Os achados científicos da pesquisa apontam novas categorias de análise da temática e elementos mais que suficientes para novos estudos em nível de doutorado. De modo especial o tema da violência obstétrica praticada contra mulheres negras e indígenas que envolvem outros elementos/crimes como o racismo e o etnocentrismo por parte de profissionais da classe médica ligada à obstetrícia.
O enfrentamento a esse tipo de violência perpassa, necessariamente pela formação de novos profissionais, o que exige novas posturas e posicionamentos por parte da academia, e pela denúncia que exige das mulheres muita coragem e vigilância. Por outro lado, enquanto não se romper o pacto de silêncio em torno do tema e o corporativismo que blinda os/as algozes/criminosos/as, não é possível mudar o contexto de violência obstétrica.
A banca formada por mim e pela professora doutora Alice Alves Menezes Ponce de Leão, aprovou a dissertação com indicação de publicação imediata, dada a relevância do tema e a urgência de enfrentamento a esse tipo de violência tão covarde e tão recorrente que atinge as mulheres durante a gestão, o parto e o pós-parto, num momento de extrema vulnerabilidade das vítimas, muitas vezes sob efeito de medicação e anestesia.
Vida longa à nova mestra e sua orientadora em futuros estudos para continuar aprofundando o tema que exige coragem e audácia no campo científico. A dissertação em breve estará disponível na Biblioteca Digital de Teses e Dissertações da UFAM (https://tede.ufam.edu.br/).

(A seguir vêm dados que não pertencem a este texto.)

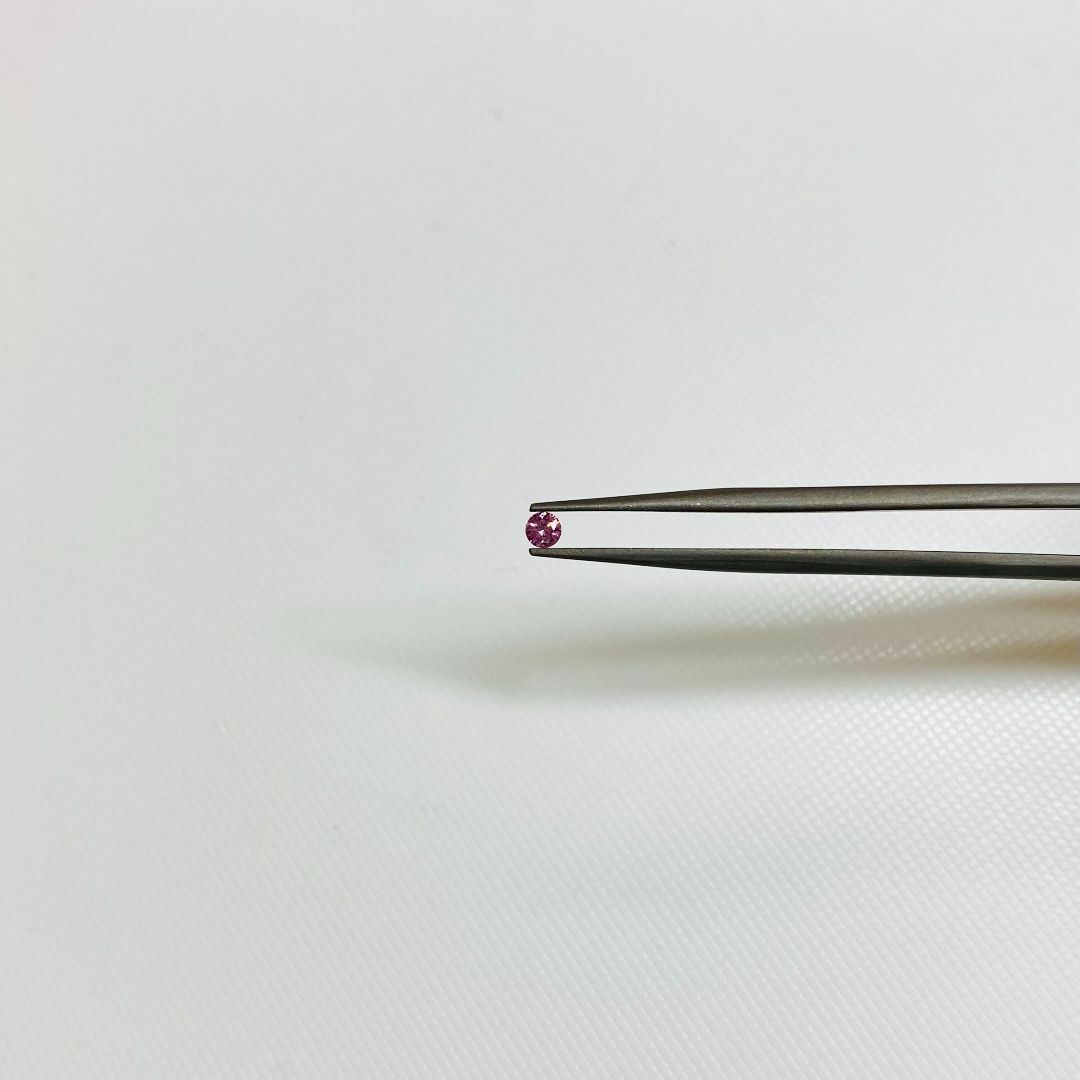 FANCY VIVID PURPLISH PINK 0.046ct RD レディースのアクセサリー(その他)の商品写真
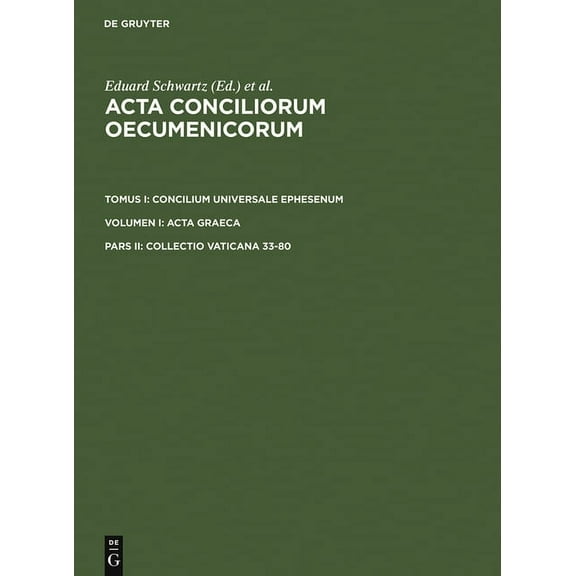 Collectio Vaticana 33-80, (Hardcover)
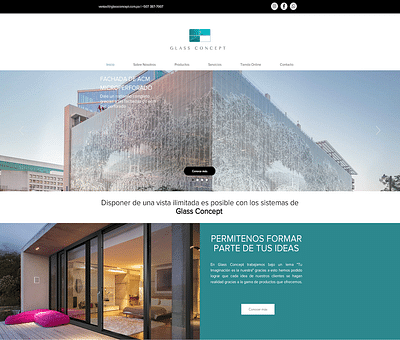 Glass Concept, S.A - Website Creation
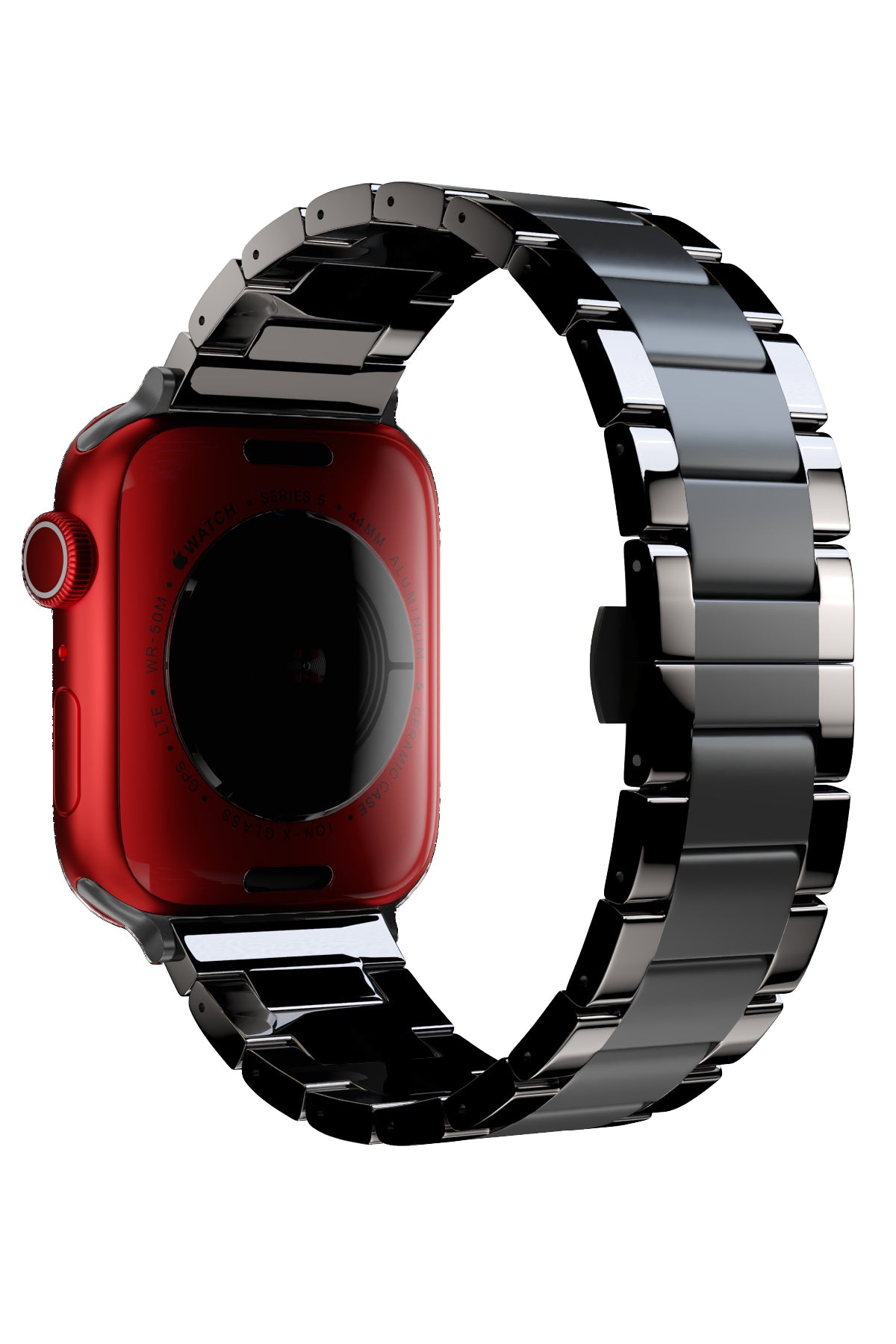 Apple Watch Uyumlu Mat Parlak Seramik Loop Kordon Siyah  bikordon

Marcia Oliveira é doutora em Sociedade e Cultura na Amazônia (UFAM), com pós-doutorado em Sociedade e Fronteiras (UFRR); mestre em Sociedade e Cultura na Amazônia, mestre em Gênero, Identidade e Cidadania (Universidad de Huelva - Espanha); Cientista Social, Licenciada em Sociologia (UFAM); pesquisadora do Grupo de Estudos Migratórios da Amazônia (UFAM); Pesquisadora do Grupo de Estudo Interdisciplinar sobre Fronteiras: Processos Sociais e Simbólicos (UFRR); Professora da Universidade Federal de Roraima (UFRR); pesquisadora do Observatório das Migrações em Rondônia (OBMIRO/UNIR). Assessora da Rede Eclesial Pan-Amazônica - REPAM/CNBB e da Cáritas Brasileira.